_TASK STATEMENT:_ No pictures, nothing altered: return the data below.

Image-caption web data
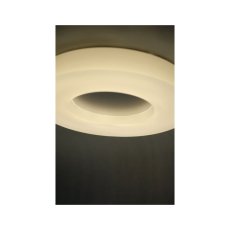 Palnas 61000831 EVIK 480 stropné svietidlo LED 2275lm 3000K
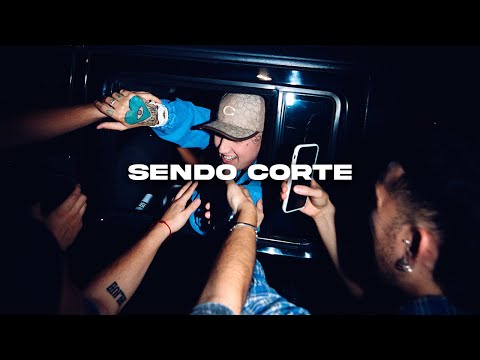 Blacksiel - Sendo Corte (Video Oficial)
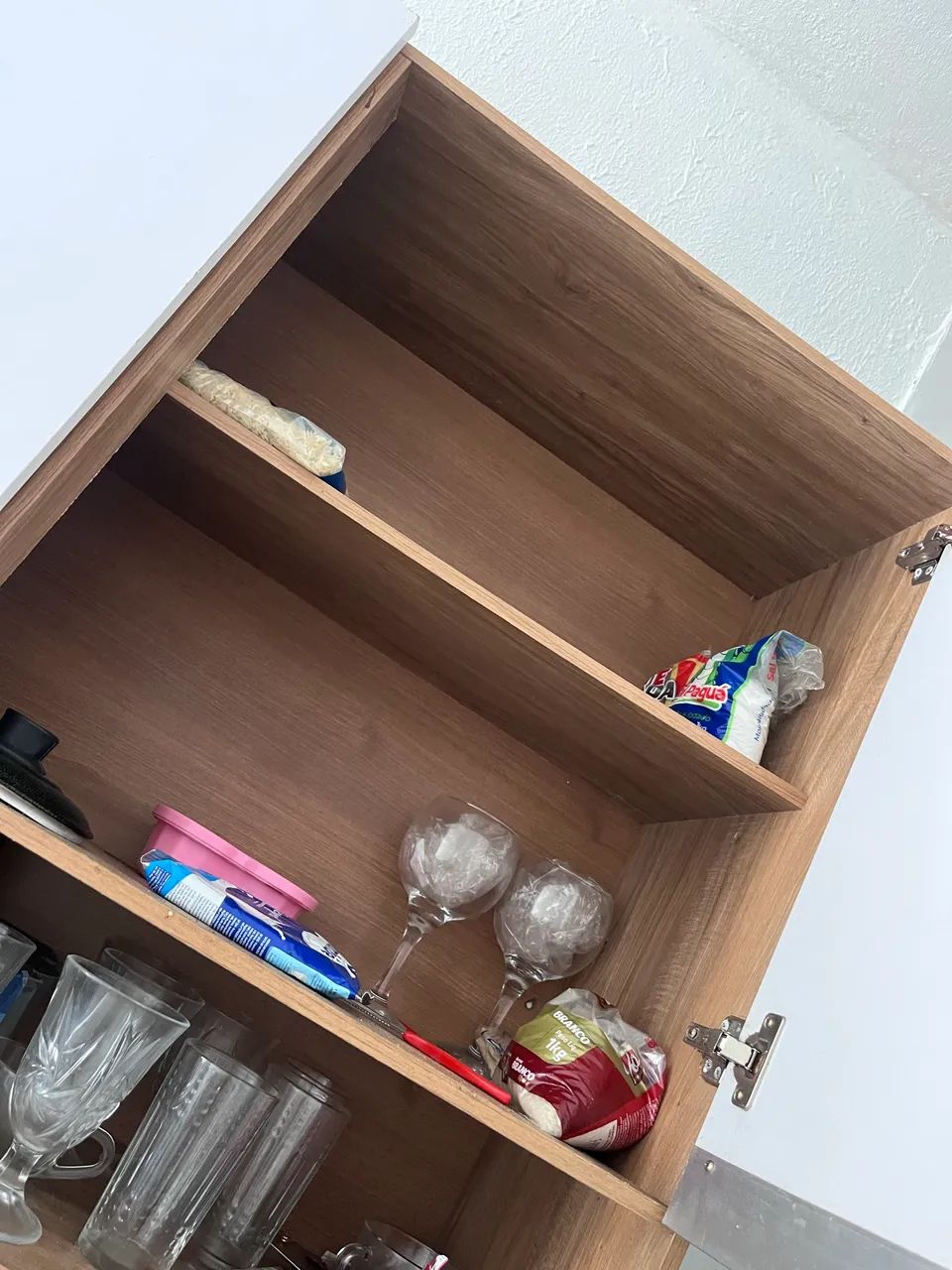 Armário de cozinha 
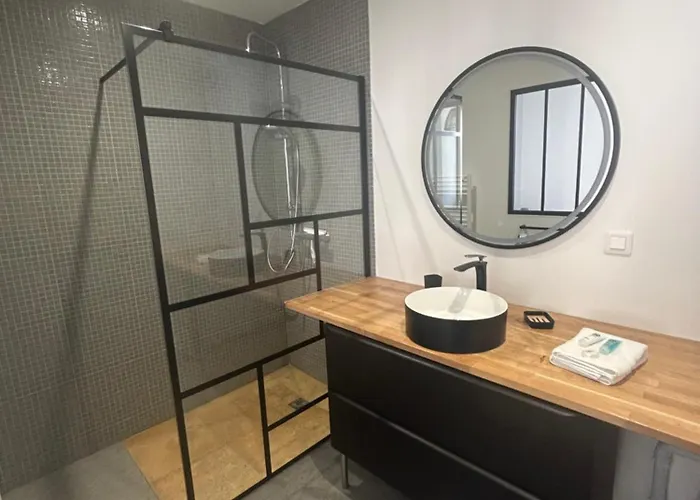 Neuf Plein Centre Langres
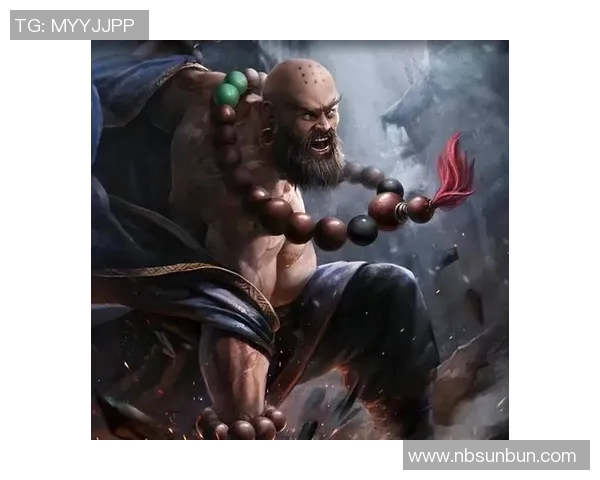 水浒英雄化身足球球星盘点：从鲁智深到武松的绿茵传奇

_RESPONSE TO THE EXERCISE:_
 Palnas 61000831 EVIK 480 stropné svietidlo LED 2275lm 3000K
 Blacksiel - Sendo Corte (Video Oficial)
 Armário de cozinha 
 Neuf Plein Centre Langres
 水浒英雄化身足球球星盘点：从鲁智深到武松的绿茵传奇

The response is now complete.